43.   Restrictions on patent applications outside Zambia

   (1) Subject to this section, a person resident in Zambia shall not, without the written authority of the Registrar, file or cause to be filed an application for a grant of a patent outside Zambia, unless—

   (a)   an application for a patent for the same invention has been filed with the Agency not less than six months before the filing of the application outside Zambia; and

   (b)   there are no directions prohibiting publication or communication issued by the Registrar as provided for in section 94, or such directions have been revoked.

   (2) Sub-section (1) does not apply to an application which has first been filed in a country outside Zambia by a person not resident in Zambia.

   (3) A person who contravenes this section commits an offence and is liable, upon conviction, to a fine not exceeding two hundred thousand penalty units or to imprisonment for a term not exceeding two years, or to both.

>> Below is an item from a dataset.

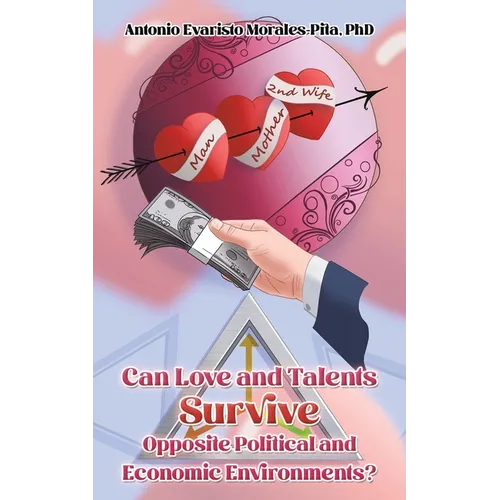 Can Love and Talents Survive Opposite Political and Economic Environments?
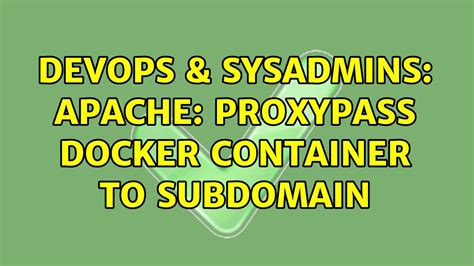 DevOps SysAdmins Apache Proxypass Docker Container To Subdomain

44.   Information concerning corresponding foreign application

   (1) A person making an application for the grant of a patent shall fully disclose and provide to the Registrar, accurate and up to date information concerning corresponding foreign applications from the date of filing.

   (2) Where a person making an application for the grant of a patent fails or neglects to comply with the requirements specified in sub-section (1) the Registrar may reject the application or where such failure or neglect is discovered after the patent has been granted, the Registrar may revoke the patent.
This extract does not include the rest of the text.